(Stored items from a collection)
Content starts
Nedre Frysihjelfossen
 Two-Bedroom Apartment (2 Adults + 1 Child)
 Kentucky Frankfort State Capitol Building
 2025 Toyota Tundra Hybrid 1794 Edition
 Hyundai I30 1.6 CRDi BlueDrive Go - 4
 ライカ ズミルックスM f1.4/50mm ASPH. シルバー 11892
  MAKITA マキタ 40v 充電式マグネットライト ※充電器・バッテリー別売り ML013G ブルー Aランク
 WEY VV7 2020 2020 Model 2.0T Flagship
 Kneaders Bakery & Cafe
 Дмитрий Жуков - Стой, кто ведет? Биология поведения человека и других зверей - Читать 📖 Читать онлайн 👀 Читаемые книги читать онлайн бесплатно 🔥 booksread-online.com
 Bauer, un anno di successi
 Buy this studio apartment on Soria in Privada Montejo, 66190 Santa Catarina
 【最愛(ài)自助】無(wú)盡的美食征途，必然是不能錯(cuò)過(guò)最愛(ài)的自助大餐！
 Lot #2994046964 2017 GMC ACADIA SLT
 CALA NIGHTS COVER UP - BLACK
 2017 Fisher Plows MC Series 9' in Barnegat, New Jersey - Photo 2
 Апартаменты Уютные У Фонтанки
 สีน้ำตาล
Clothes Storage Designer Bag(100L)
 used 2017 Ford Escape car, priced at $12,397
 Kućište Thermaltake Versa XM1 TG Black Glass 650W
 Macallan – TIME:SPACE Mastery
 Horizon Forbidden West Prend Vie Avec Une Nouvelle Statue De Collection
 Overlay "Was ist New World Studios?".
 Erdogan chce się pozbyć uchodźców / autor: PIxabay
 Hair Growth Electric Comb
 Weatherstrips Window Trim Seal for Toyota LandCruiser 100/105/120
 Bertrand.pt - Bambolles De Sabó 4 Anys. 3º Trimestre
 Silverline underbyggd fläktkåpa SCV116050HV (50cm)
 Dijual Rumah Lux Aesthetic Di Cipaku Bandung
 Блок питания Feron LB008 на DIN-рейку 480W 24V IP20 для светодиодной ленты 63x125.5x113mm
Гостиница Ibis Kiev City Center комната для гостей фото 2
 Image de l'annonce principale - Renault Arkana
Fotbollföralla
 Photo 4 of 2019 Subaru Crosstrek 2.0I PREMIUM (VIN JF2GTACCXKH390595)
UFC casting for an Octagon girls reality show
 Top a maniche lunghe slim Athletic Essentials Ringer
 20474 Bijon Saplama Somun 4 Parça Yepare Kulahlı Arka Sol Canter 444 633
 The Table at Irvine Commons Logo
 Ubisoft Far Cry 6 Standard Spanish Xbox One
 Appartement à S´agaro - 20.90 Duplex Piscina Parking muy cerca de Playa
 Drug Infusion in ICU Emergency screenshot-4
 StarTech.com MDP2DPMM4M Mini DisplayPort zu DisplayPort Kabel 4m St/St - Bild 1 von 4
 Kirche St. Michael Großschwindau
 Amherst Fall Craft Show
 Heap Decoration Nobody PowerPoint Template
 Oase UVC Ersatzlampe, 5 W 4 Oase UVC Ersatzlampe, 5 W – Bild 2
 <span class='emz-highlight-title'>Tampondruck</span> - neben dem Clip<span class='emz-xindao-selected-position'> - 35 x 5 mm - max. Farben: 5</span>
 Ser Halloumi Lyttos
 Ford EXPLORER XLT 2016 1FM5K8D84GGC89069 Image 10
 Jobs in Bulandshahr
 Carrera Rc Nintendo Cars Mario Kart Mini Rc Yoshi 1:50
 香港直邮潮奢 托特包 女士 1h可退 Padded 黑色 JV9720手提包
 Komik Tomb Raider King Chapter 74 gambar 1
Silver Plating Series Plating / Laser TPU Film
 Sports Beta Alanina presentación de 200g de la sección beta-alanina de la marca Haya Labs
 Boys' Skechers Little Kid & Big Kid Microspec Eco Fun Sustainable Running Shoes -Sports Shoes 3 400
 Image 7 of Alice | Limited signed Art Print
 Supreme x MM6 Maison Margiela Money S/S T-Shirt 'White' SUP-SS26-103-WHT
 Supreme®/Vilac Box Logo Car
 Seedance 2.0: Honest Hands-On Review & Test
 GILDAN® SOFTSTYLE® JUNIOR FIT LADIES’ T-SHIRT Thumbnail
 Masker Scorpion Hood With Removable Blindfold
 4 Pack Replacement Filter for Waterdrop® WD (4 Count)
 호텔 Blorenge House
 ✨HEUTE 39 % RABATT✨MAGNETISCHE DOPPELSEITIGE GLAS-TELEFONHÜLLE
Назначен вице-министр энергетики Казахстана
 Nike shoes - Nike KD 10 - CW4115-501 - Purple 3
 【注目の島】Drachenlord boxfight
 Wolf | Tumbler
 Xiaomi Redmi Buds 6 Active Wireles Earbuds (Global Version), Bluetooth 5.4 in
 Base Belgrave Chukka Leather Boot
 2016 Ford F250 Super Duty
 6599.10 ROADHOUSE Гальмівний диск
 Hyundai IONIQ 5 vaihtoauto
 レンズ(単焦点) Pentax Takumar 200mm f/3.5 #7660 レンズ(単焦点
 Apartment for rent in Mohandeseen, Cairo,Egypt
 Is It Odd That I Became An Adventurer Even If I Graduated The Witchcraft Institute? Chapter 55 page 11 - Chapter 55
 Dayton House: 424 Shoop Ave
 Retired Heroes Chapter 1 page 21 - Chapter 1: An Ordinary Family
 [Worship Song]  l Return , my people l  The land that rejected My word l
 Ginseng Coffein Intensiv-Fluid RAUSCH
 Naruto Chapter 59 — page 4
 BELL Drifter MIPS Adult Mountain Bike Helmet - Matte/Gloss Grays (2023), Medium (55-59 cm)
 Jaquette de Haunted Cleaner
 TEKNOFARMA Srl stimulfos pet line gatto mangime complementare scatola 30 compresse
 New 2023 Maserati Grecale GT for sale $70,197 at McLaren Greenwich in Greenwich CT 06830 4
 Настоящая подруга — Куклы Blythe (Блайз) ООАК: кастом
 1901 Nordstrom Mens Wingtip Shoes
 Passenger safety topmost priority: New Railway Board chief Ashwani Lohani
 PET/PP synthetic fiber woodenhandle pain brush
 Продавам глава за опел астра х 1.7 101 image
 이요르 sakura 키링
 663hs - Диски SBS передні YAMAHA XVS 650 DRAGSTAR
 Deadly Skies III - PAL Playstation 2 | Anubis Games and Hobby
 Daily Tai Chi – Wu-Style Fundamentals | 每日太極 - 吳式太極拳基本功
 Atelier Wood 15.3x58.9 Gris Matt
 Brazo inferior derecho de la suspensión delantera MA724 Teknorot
Content ends
What to produce ->
Copy the lines above exactly. Start with the line containing "Erdogan chce się", end with the line containing "Гостиница Ibis Kiev", and include both.

Response for this exercise ->
 Erdogan chce się pozbyć uchodźców / autor: PIxabay
 Hair Growth Electric Comb
 Weatherstrips Window Trim Seal for Toyota LandCruiser 100/105/120
 Bertrand.pt - Bambolles De Sabó 4 Anys. 3º Trimestre
 Silverline underbyggd fläktkåpa SCV116050HV (50cm)
 Dijual Rumah Lux Aesthetic Di Cipaku Bandung
 Блок питания Feron LB008 на DIN-рейку 480W 24V IP20 для светодиодной ленты 63x125.5x113mm
Гостиница Ibis Kiev City Center комната для гостей фото 2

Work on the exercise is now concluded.